### Records shown:
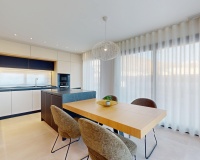 Nouvelle construction - Villa - Finestrat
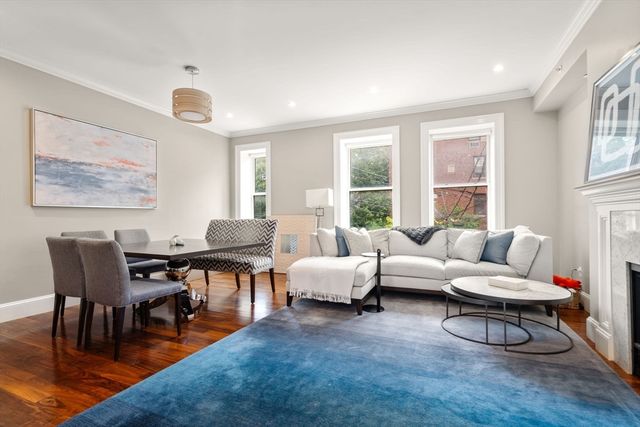 324 Tappan 2, Brookline, MA 02445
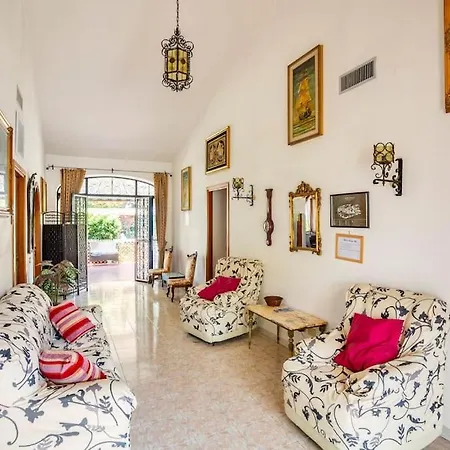 Villa Historic Luxury Terracina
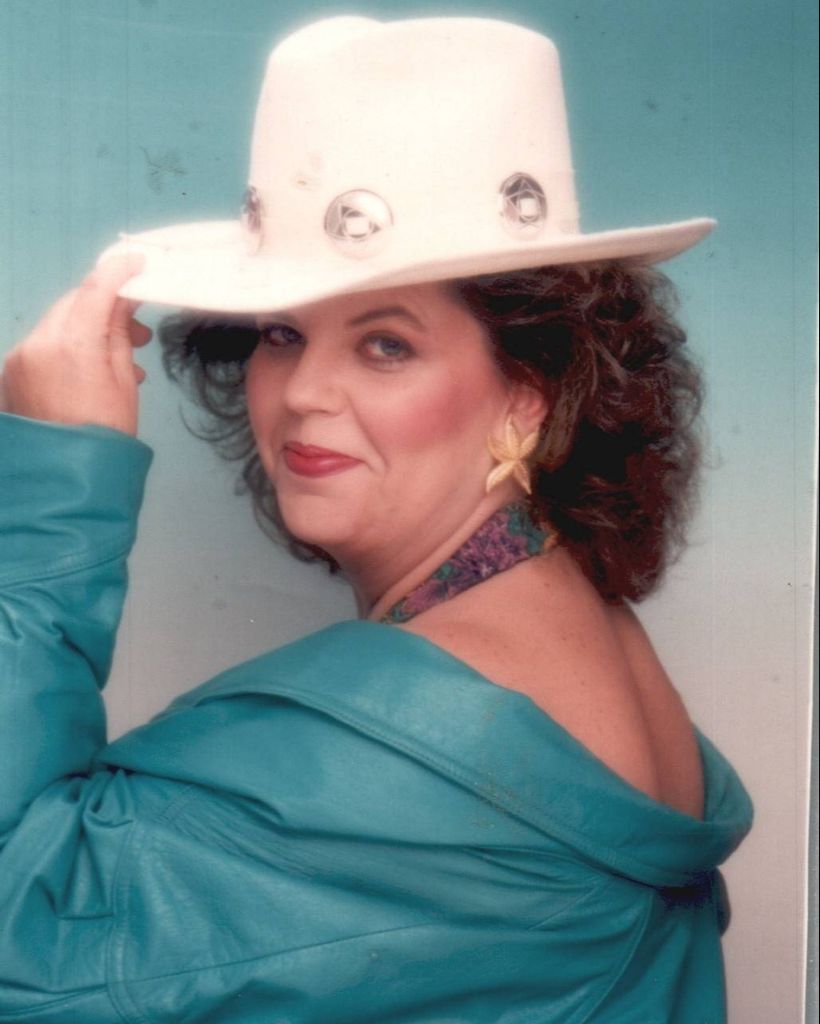 Patricia Lyons Profile Photo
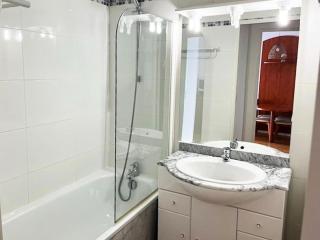 Résidence Pic Du Midi - Apt n°136 - Rez de chaussée - Bâtiment Hourquette MAE-8584 - 6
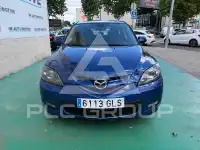 2009 Mazda 3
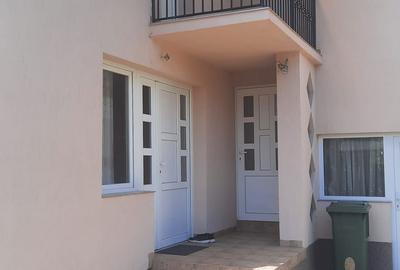 Casă cu 4 camere în Central - 7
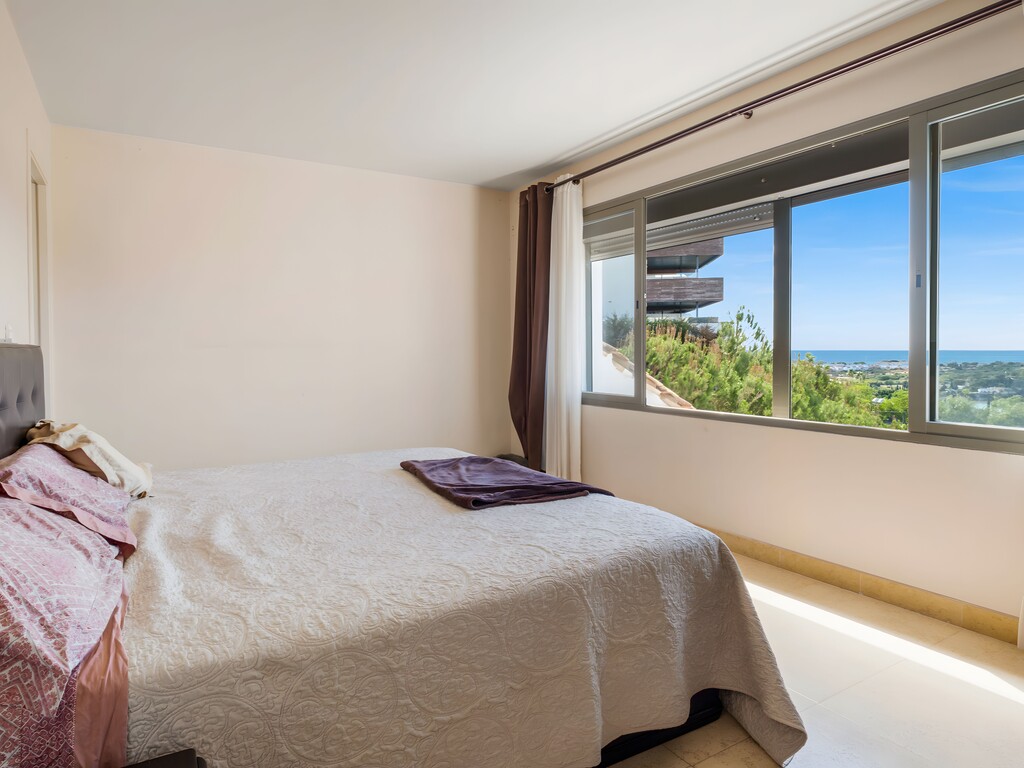 Tee 5 Los Flamingos, Penthouse (11)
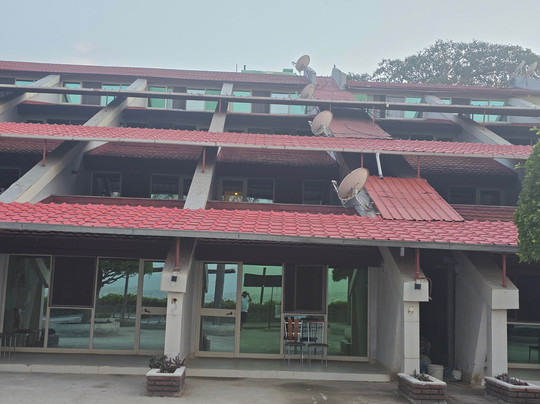 Lewi Hotels & Resorts主图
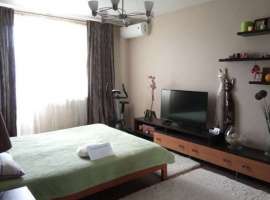 В самом центре Любимовки сдаётся 3 комнатная квартира с мая по...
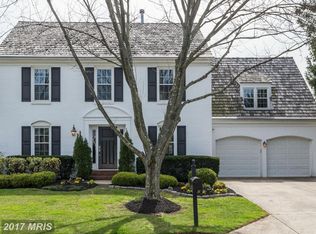 117 Upshire Cir, Gaithersburg, MD 20878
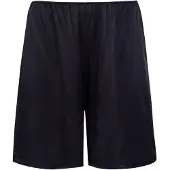 Yoek Pyjamabroek marine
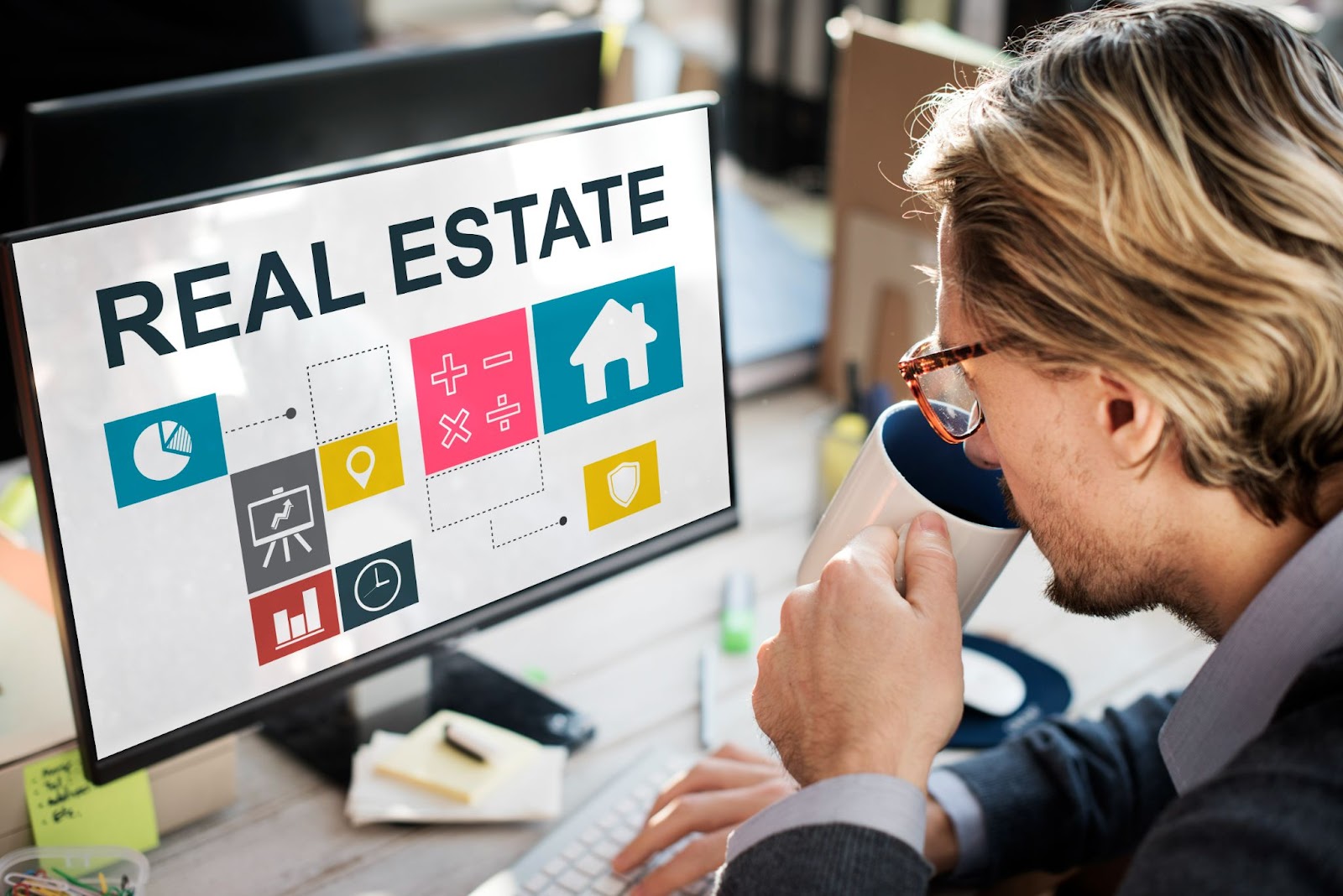 How To Generate Real Estate Leads: 7 Strategies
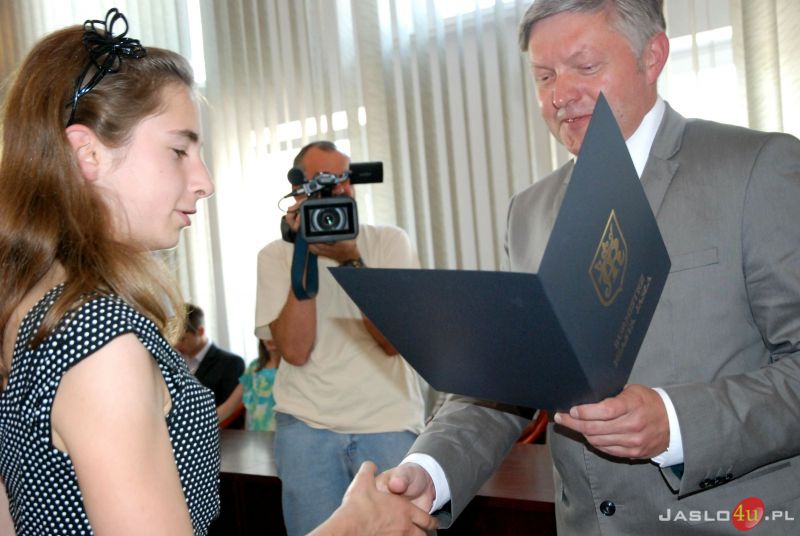 Nagrody dla sportowców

### Task objective:
In the entries above, find the line that contains "Lewi Hotels & Resorts主图", then repeat exactly every line from the first one through that line, with no pictures.

### Result below:
 Nouvelle construction - Villa - Finestrat
 324 Tappan 2, Brookline, MA 02445
 Villa Historic Luxury Terracina
 Patricia Lyons Profile Photo
 Résidence Pic Du Midi - Apt n°136 - Rez de chaussée - Bâtiment Hourquette MAE-8584 - 6
 2009 Mazda 3
 Casă cu 4 camere în Central - 7
 Tee 5 Los Flamingos, Penthouse (11)
 Lewi Hotels & Resorts主图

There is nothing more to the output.